Вдруг вижу — незнакомка в соболях идет по аллее, идет быстро, мелкими шажками (теперь женщины так не ходят). Бросаюсь следом, но она уже далеко. Прибавляю шагу, но она идет слишком быстро, будто знает, что я ее преследую, будто пытается скрыться от погони.

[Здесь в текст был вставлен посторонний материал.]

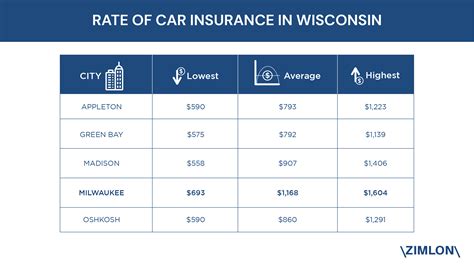 auto insurance wi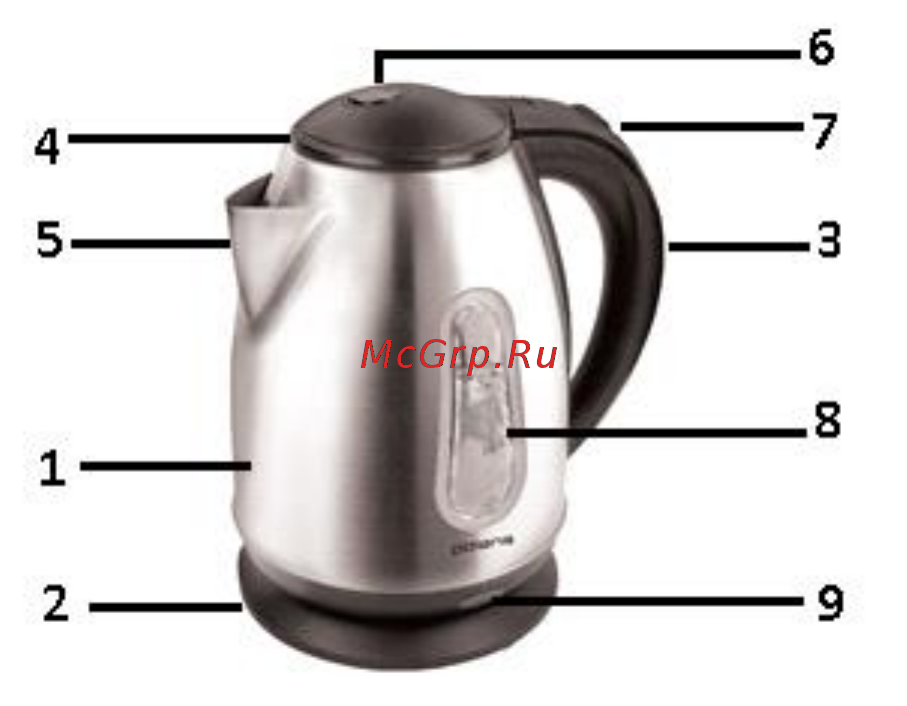 Polaris PWK 1781CA Черный [23/32] Йнектің шүмег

Ворота. Запыхавшись, выбегаю на Садовую. У тротуара стоит коляска. Настоящая, одноконная, крытая черным лаком, легкая коляска. Поднятый кожаный верх. Широкая спина возницы с голубым кушаком. Гнедая тонконогая лошадь. "Отчего же коляска, а не сани? — мелькает у меня в голове. — Ах, да! Мостовые посыпают песком!" Рядом с коляской стоит моя незнакомка. Она вытаскивает руку из муфты, подхватывает подол пальто, ставит ногу на ступеньку (ботинок черный, с узким носком и высокой шнуровкой) и легко вскакивает в экипаж. Кучер натягивает поводья, и лошадь с места берет рысью. Мягко покачиваясь на рессорах, коляска уезжает. Я провожаю ее взглядом. Задержавшись у перекрестка, она сворачивает на Инженерную. Лицо! Его я так и не увидел.
Киносъемка, конечно. В городе что-то снимают. Сейчас перерыв. Актрисе, а может быть, всего лишь статистке, захотелось прогуляться. Все натурально: и шапочка, и ботинки со шнуровкой, и муфта, и голубой кушак кучера. А как приятно прокатиться по городу в старинной коляске… Но ведь там, в вагоне, тоже была она! Не снимая старомодного пальто, не меняя старомодной прически, оставаясь все в той же «таблетке» с цветком, едет куда-то за город? Господи! Да мало ли почему она отправилась за город! Съемка идет одновременно и в городе и где-то в пригороде. Вечером возвращалась со съемки — только и всего! Но в электричке она была без сережек — хорошо помню. А тогда, в комнате, конечно мне померещилось. Книжку я сам брал машинально, не соображая, думая о чем-то другом и забыв прикрыть дверцу. Такое бывает со мною, бывает. И все это вместе совершенно случайное, да, да, случайное, беспричинное, ни к чему не обязывающее и ни на что не намекающее стечение обстоятельств.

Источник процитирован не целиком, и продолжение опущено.